→ Problem statement: Exclude the images, then return every line below exactly as written.

→ Data excerpts:
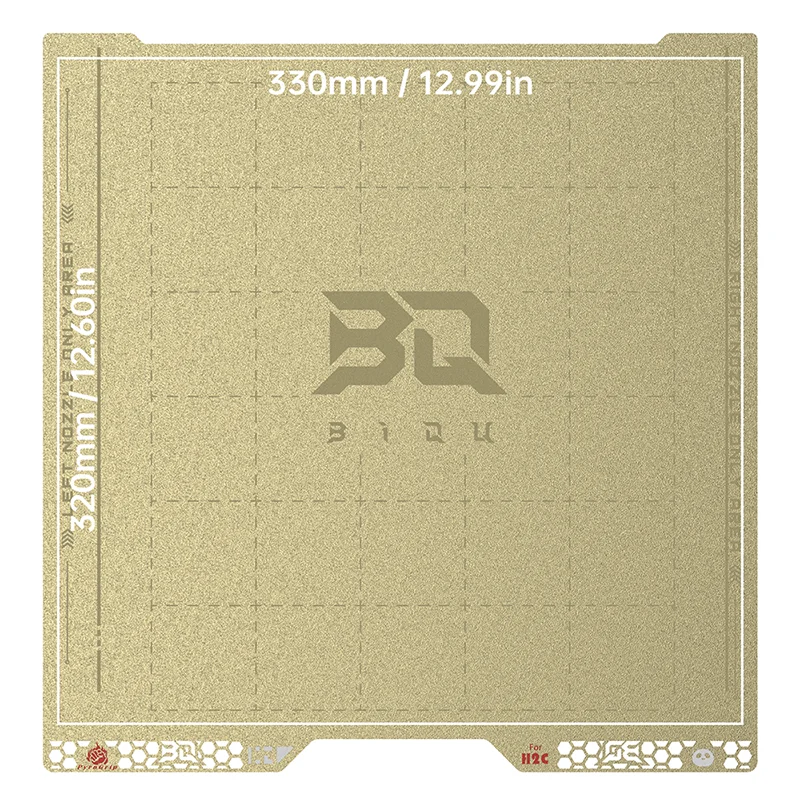 BIGTREETECH Panda Druckplatte CryoGrip Pro Federstahl-Blatt 3D-Drucker-Teile für Bambu Lab H2D H2C 3D-Drucker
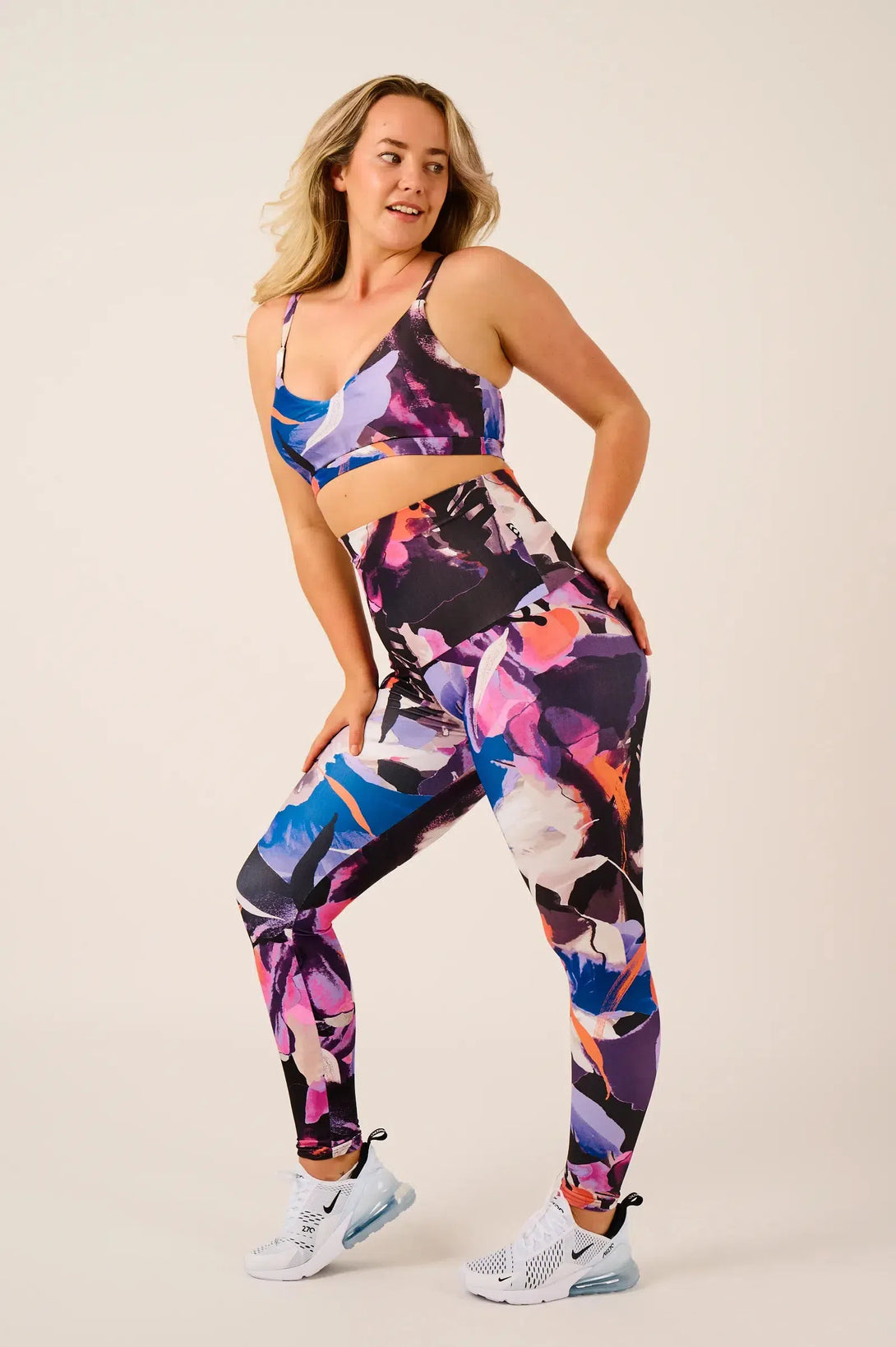 Performance Extra High Waisted Legging - Calypso Nights-SK-0359-Activewear-Exoticathletica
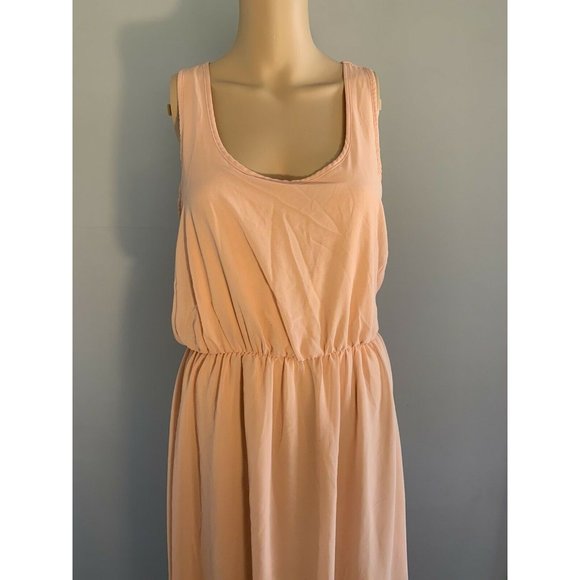 EUC Gibson & Latimer Maxi Dress Long Size M Orange - Picture 3 of 10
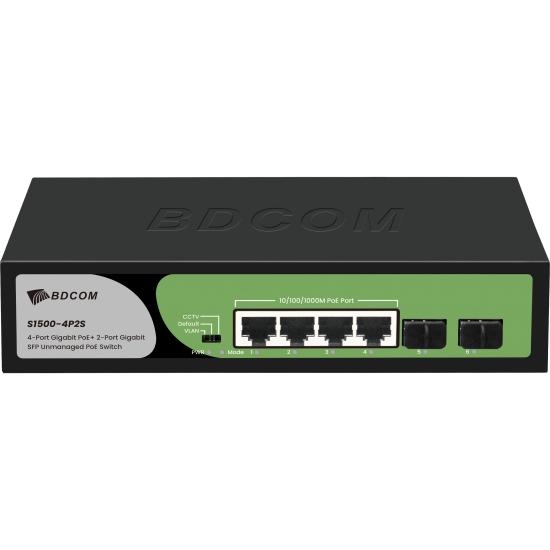 Bdcom S1500-4P2S 4 Port Yönetilemez Desktop Switch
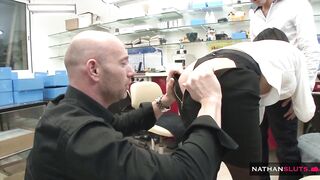 mother I'd like to fuck Katya Sikova's BOOTY Get Tag Teemed By two Hung Colleagues - 4K teaser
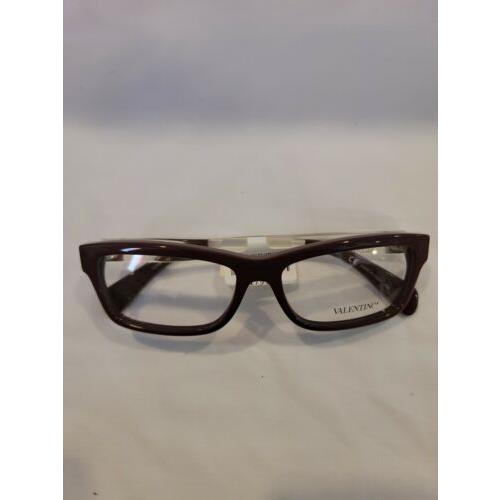 Valentino Eyeglasses Frames V2693 604 Burgundy Clear 54-15-135 Italy JL43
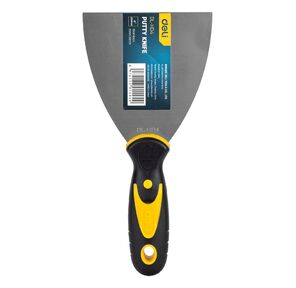 Шпатель Deli DL-HD4 100мм Размер:100 мм. Длина 12 мм. Нержавеющая сталь.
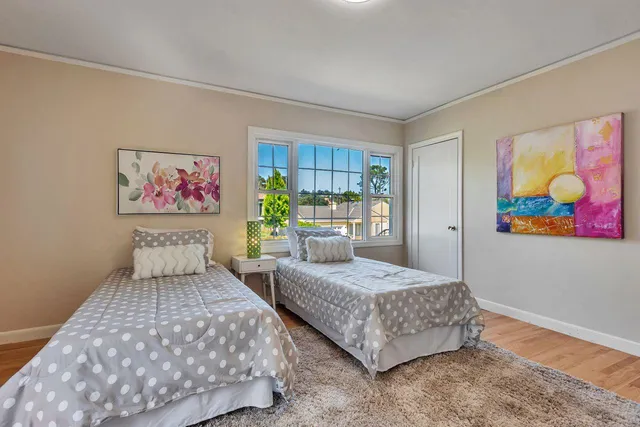 an aerial view of multiple house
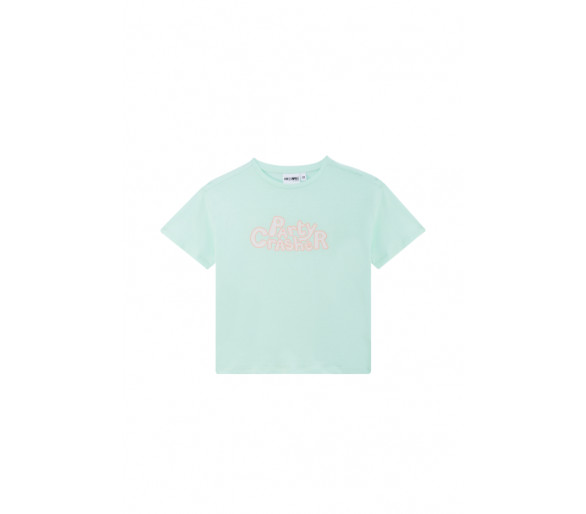 SOMEONE : T-shirt met "party crasher" print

→ Task output:
 BIGTREETECH Panda Druckplatte CryoGrip Pro Federstahl-Blatt 3D-Drucker-Teile für Bambu Lab H2D H2C 3D-Drucker
 Performance Extra High Waisted Legging - Calypso Nights-SK-0359-Activewear-Exoticathletica
 EUC Gibson & Latimer Maxi Dress Long Size M Orange - Picture 3 of 10
 Bdcom S1500-4P2S 4 Port Yönetilemez Desktop Switch
 mother I'd like to fuck Katya Sikova's BOOTY Get Tag Teemed By two Hung Colleagues - 4K teaser
 Valentino Eyeglasses Frames V2693 604 Burgundy Clear 54-15-135 Italy JL43
 Шпатель Deli DL-HD4 100мм Размер:100 мм. Длина 12 мм. Нержавеющая сталь.
 an aerial view of multiple house
 SOMEONE : T-shirt met "party crasher" print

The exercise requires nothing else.